La pathologie est-elle plus grave chez les personnes vivant avec le VIH ?
Elle est effectivement plus sévère et peut atteindre un plus grand nombre d’organes. Dans 30 % des cas, le développement de la pathologie peut conduire à un cancer agressif de type lymphome. Rappelons que le sarcome de Kaposi, aussi appelé maladie de Kaposi, est une des pathologies classant sida, c’est-à-dire signant le passage de l’infection par le VIH sans symptômes au stade sida[[Les lymphomes non Hodgkiniens et le cancer du col de l’utérus avancé sont aussi des cancers classant sida.]].

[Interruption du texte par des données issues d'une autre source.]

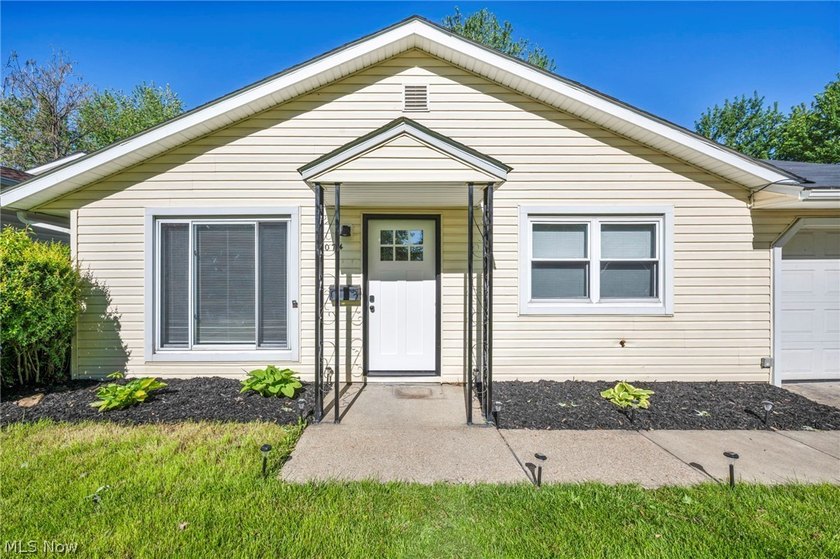 Welcome home to this beautifully updated ranch offering the - photo 3
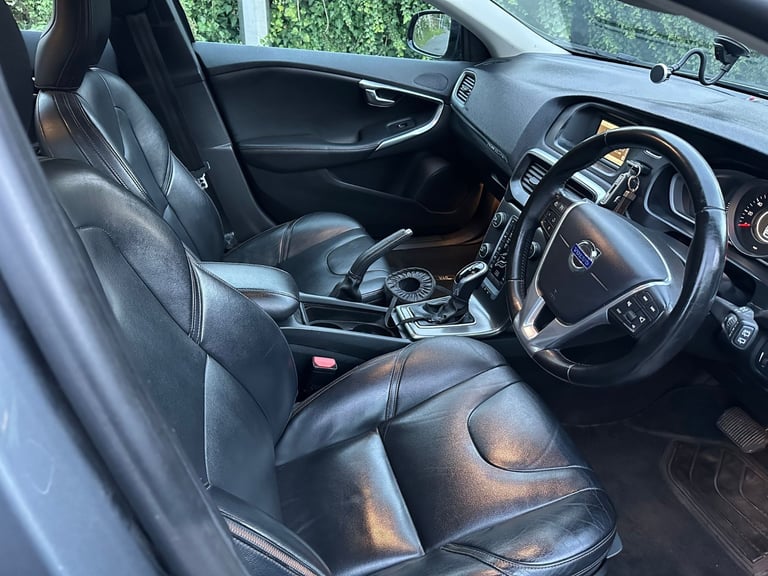 Volvo, V40, Hatchback, 2016, Semi-Auto, 1969 (cc), 5 doors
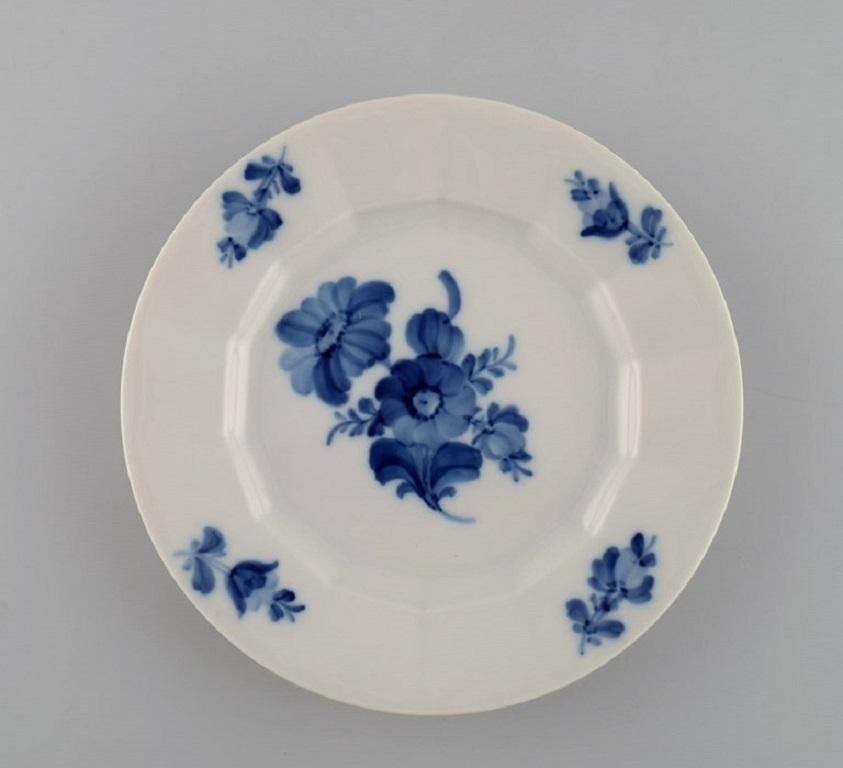 Royal Copenhagen Blaue Blume, kantige, sechs Kaffeetassen mit Untertassen und Tellern (Porzellan) im Angebot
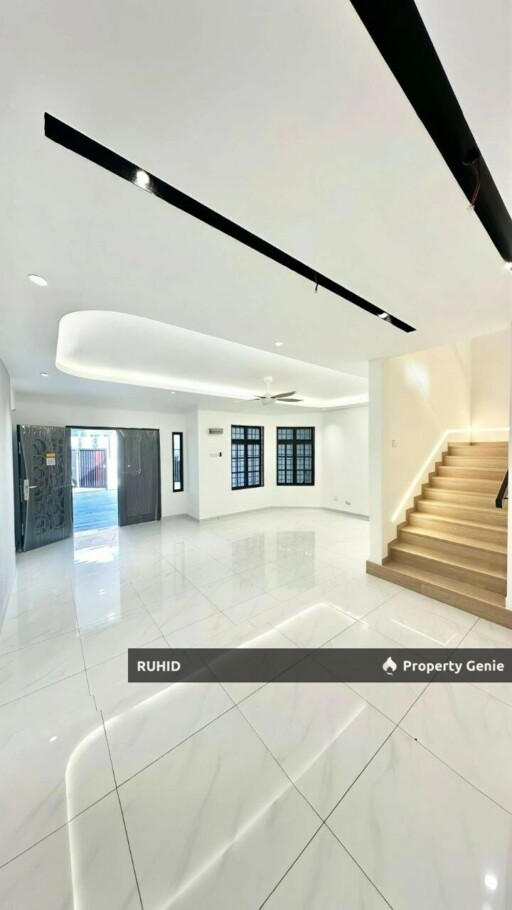 Taman Skudai Baru Fully Renovated 5-Bedroom Double Storey Terrace House for Sale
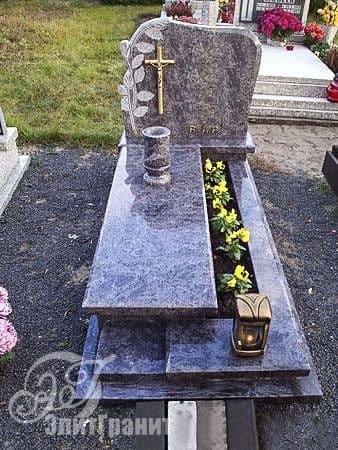 Памятник в европейском стиле 70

Quel est le pourcentage de personnes concernées et vivant avec le VIH ?

Au début de l’épidémie, un quart des personnes vivant avec le VIH aux Etats-Unis présentaient un sarcome de Kaposi et plus de 20 % en Europe. En l’absence de traitements antirétroviraux anti-VIH, ces chiffres restent d’actualité, en particulier :
– 20 à 40 % des homosexuels masculins sont susceptibles de développer un sarcome de Kaposi ;
– chez les enfants, le pourcentage est de 1,6 % ;
– il est de 1 % chez les hémophiles ;
– il est tout aussi rare chez les femmes, quoique cette observation doive être tempérée par des considérations géographiques, puisqu’il est plus commun chez les femmes séropositives dans certains pays africains – ainsi que chez les hommes. Une étude publiée dans la revue Gender Medicine en septembre 2007 suggère néanmoins qu’il pourrait y avoir un biais dans l’appréciation du nombre de sarcomes de Kaposi liés au VIH chez les femmes. Les auteurs montrent que les principales études réalisées dans les pays qu’ils qualifient à économie de marché établie se sont focalisées sur la population masculine. Celle-ci ne reflète pas le paysage actuel de l’épidémie de VIH où la féminisation est de plus en plus prépondérante.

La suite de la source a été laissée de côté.